The research team, which began meeting over the past year and includes faculty from the Pamplin College of Business and College of Engineering as well as the Center for Geospatial Information Technology, plans to develop an application that will be publicly available on the web and allow users to input policy objectives and create maps to optimize those objectives.
“Users will also be able to easily evaluate competing maps and see how changes to existing maps will alter the representation of specific groups or parties,” Goedert said. As a policy fellow, Goedert will contribute expertise in gerrymandering litigation and legislative procedure to the online application.
The third project funded by the Policy SGA will advance community and economic development in urban and rural areas across Virginia. This grant supports a team from Virginia Tech’s Office of Economic Development, Cooperative Extension, and the School of Public and International Affairs, which launched an interdisciplinary initiative called Vibrant Virginia in spring 2017.
Vibrant Virginia “engages and supports Virginia Tech faculty and external stakeholders in exploring urban and rural Virginia, by looking at connections and disconnects and documenting similarities and differences, all with an eye to highlighting opportunities for all stakeholders and identifying ways to address regional challenges,” said John Provo, director of the Office of Economic Development and one of the leaders of Vibrant Virginia.
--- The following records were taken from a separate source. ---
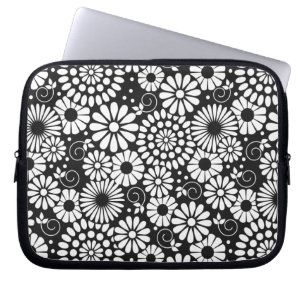 Capa Para Notebook Bolsa de laptop de flores brancas pretas retrorref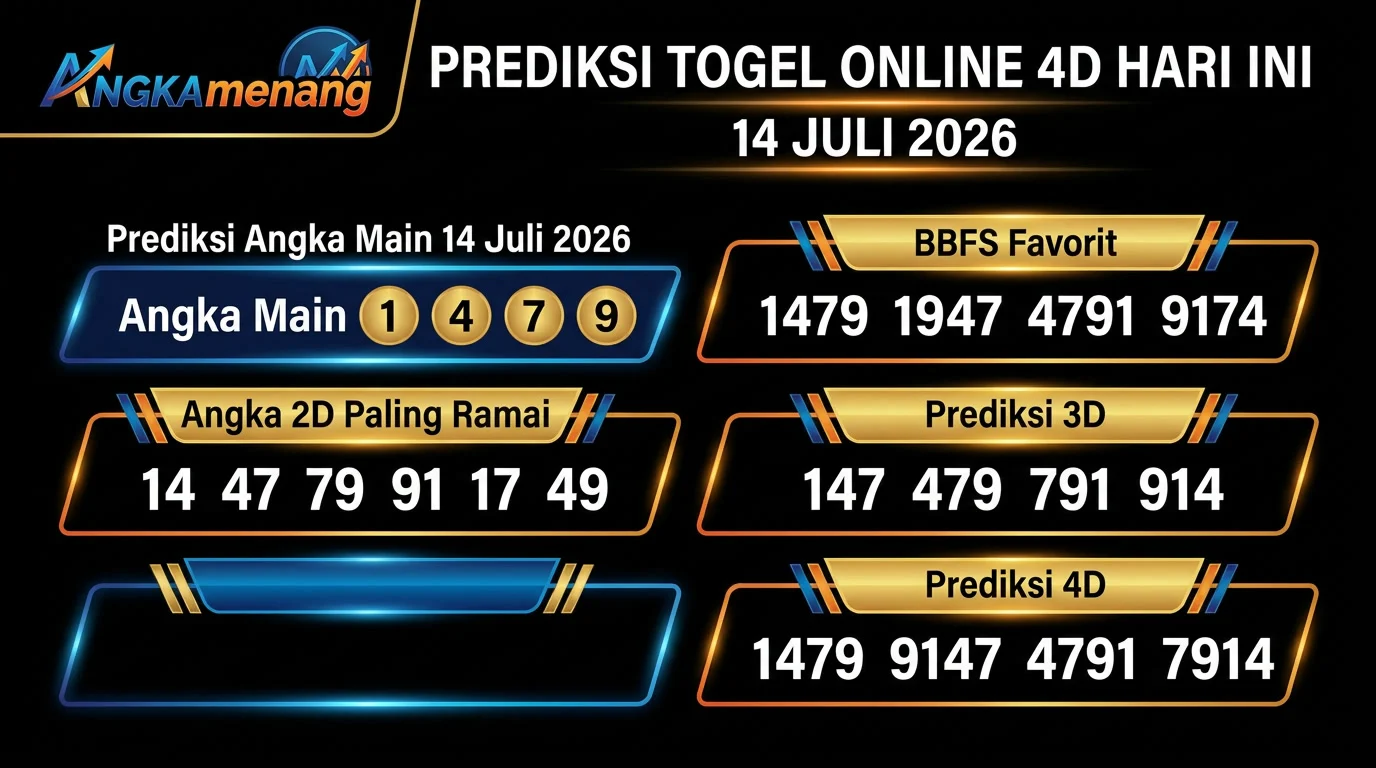 Prediksi Togel Online 4D Hari Ini 14 Juli 2026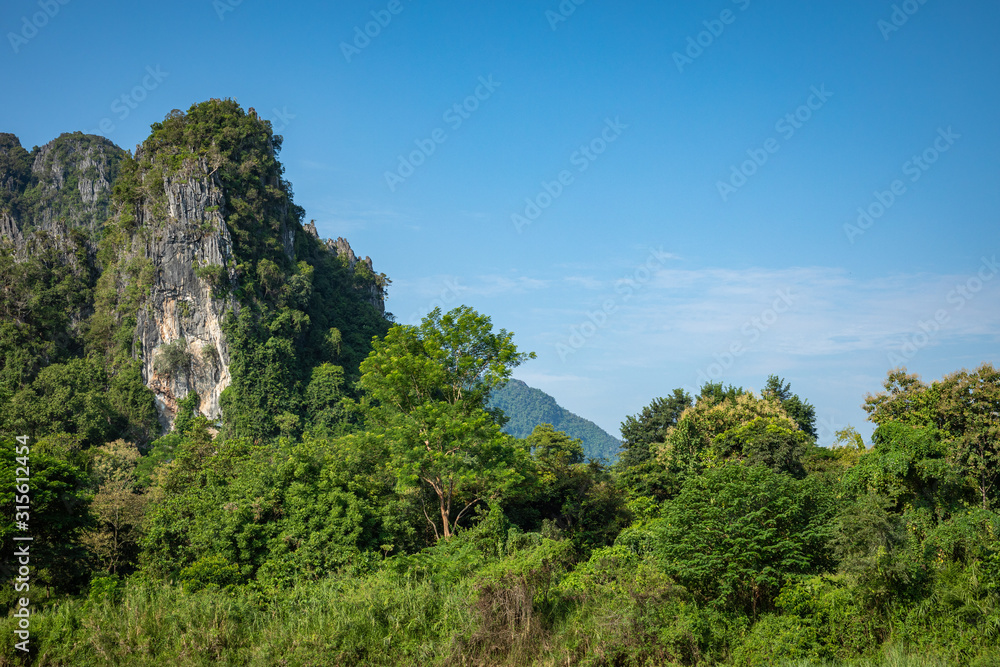 Tropical village Vang Vieng, Laos. Green palms. Tropical village Vang Vieng, Laos. Green palms.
As the +Policy fellow for Vibrant Virginia: Advancing Community and Economic Development across Urban and Rural Virginia, Margaret Cowell, associate professor of urban affairs and planning in the College of Architecture and Urban Studies, will translate the interdisciplinary work that comes out of Vibrant Virginia into a format and language that can be useful to external stakeholders and policymakers. Cowell will lead efforts to develop journal articles, op-eds, policy reports to state, and local governments and web products and an edited book manuscript.
The manuscript will “integrate findings from projects, campus conversations, regional showcases, and other Virginia colleges, universities, and institutions engaged in similar types of work,” said Cowell. “The book will explore the geographic divisions in Virginia to uncover opportunities, challenges, and interdependencies and propose synergistic policy interventions to move Virginia forward."
“We are pleased to be able to offer these new awards,” said Julia Gohlke, associate professor of population health sciences in the Virginia-Maryland College of Veterinary Medicine and a member of the Policy SGA stakeholder committee. “We envision that the support for the + Policy fellows will result in more efficient and meaningful translation of important findings from Virginia Tech researchers to policy applications in these areas of critical concern.”